But Economics Minister Edgar Savisaar, an erstwhile hero of Estonia's independence movement and leader of one of the biggest political parties, wants to scrap the flat tax and use a more conventional progressive system that taxes the rich at higher rates than the less well-off. "Our system is too simple," he says. "We have too much inequality." Arguing that rural areas, old people and young families have lost out, he recently began calling for massive wage increases for all. Savisaar's reformist opponents, including those in the same coalition government, denounce his call as irresponsible demagoguery; they worry about Estonian competitiveness being harmed if wages outstrip productivity.
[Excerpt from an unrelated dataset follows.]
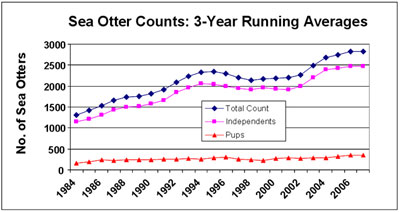 Number of southern sea otters counted during spring range-wide censuses, plotted as 3-year running averages.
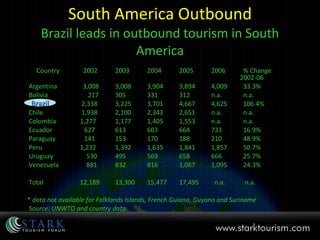 South America Outbound Brazil leads in outbound tourism in South America Country  2002  2003  2004  2005  2006  % Change    2002-06  Argentina  3,008  3,008  3,904  3,894  4,009  33.3%  Bolivia  217  305  331  312  n.a.  n.a.  Brazil  2,338  3,225  3,701  4,667  4,625  106.4% Chile  1,938  2,100  2,343  2,651  n.a.  n.a.  Colombia  1,277  1,177  1,405  1,553  n.a.  n.a.  Ecuador  627  613  603  664  733  16.9%  Paraguay  141  153  170  188  210  48.9%  Peru    1,232  1,392  1,635  1,841  1,857  50.7%  Uruguay    530  495  569  658  666  25.7%  Venezuela    881  832  816  1,067  1,095  24.3%  Total    12,189  13,300  15,477  17,495    n.a.   n.a.  *  data not available for Falklands Islands, French Guiana, Guyana and Suriname Source: UNWTO and country data Brazil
The polarization grew particularly acute in the run-up to the recent presidential election, a bruising contest between the incumbent Arnold Rüütel, a grandfatherly former communist official who is 78 and fluent in Russian, and the challenger, Toomas Hendrik Ilves, a slick American-educated foreign-policy specialist who is 26 years Rüütel's junior and claims to speak for "the 65% of Estonians who are pro-Western and forward looking." Ilves narrowly won the vote, by electoral college.
But a bigger challenge for Estonia's future may be the past. The nation still nurses deep wounds. Ethnic Russians comprise about one-quarter of Estonia's population, many of them the families of people shipped in during the Soviet period as part of a program to tame the country's irredentism. Since Estonian independence, thousands of these Russians have passed an exam to become naturalized Estonians. But some 130,000, almost 10% of the population, haven't, and officials reckon that about half of them don't want to.
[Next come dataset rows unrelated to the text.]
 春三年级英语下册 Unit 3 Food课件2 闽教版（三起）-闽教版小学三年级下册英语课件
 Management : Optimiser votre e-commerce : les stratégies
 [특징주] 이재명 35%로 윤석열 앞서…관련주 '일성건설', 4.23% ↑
Open interethnic conflict is rare, but relations with Russia itself are uneasy; a border treaty that both sides signed last year after long negotiations remains open because Moscow now says it wants new terms. In this charged atmosphere, even small disputes sometimes assume oversized importance. Scuffles broke out at a Soviet-era war memorial in Tallinn this year on May 9, the anniversary of the end of World War II, after Russian veterans unfurled Soviet flags. That prompted an outraged reaction, including a threat by one Estonian nationalist leader to blow up the monument. The park where the memorial is situated has since been cordoned off and remains under 24-hour police guard. Ask Heiki Ahonen, director of a museum dedicated to the Nazi and Soviet occupations, how Estonia is faring as it seeks to construct an integrated society, and he snorts: "This is not nation building; it's more like putting out fires."
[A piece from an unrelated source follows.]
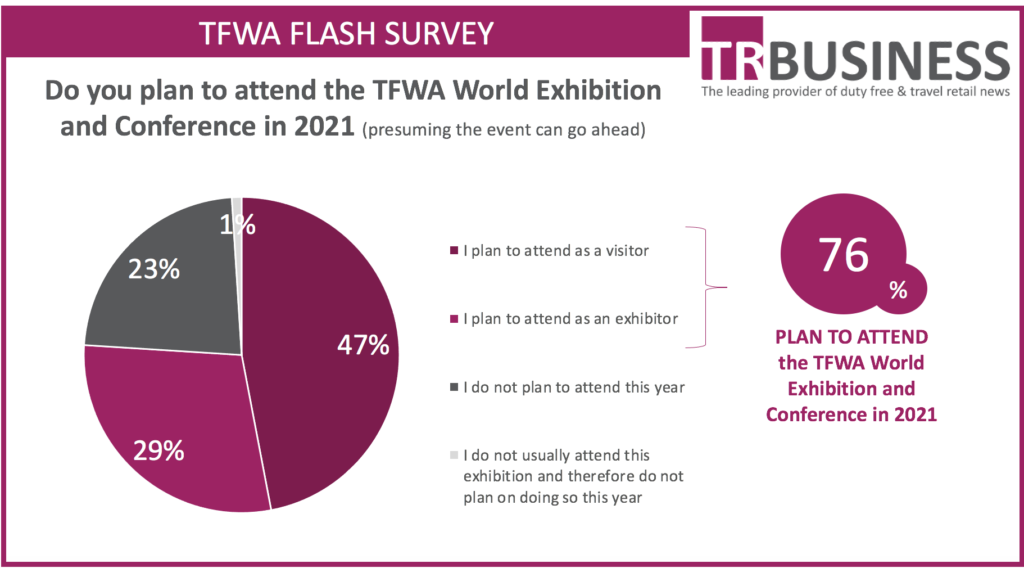 TFWA Flash Survey graph.jpeg – TRBusiness – TRBusiness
Perhaps the next generation will work out such tricky issues. Galja Burnakova, 29, taps the side of her head with her index finger. "The biggest problem is here," she says. She's an interior decorator who was born in the Siberian town of Abakan but has lived in Tallinn for a decade and speaks near-flawless Estonian. Like many Russian-born residents, she says she'd much rather live in Estonia than back in Russia. She's nibbling shrimp sandwiches in a hip private club called Noku with her friend Kertu Lukas, 25, the editor of an Estonian food magazine. For a while, Lukas had a Russian boyfriend. He spoke Estonian, but some of his family didn't; she speaks some Russian, but many of her friends don't. That was awkward sometimes and, she admits: "It was a problem for my father."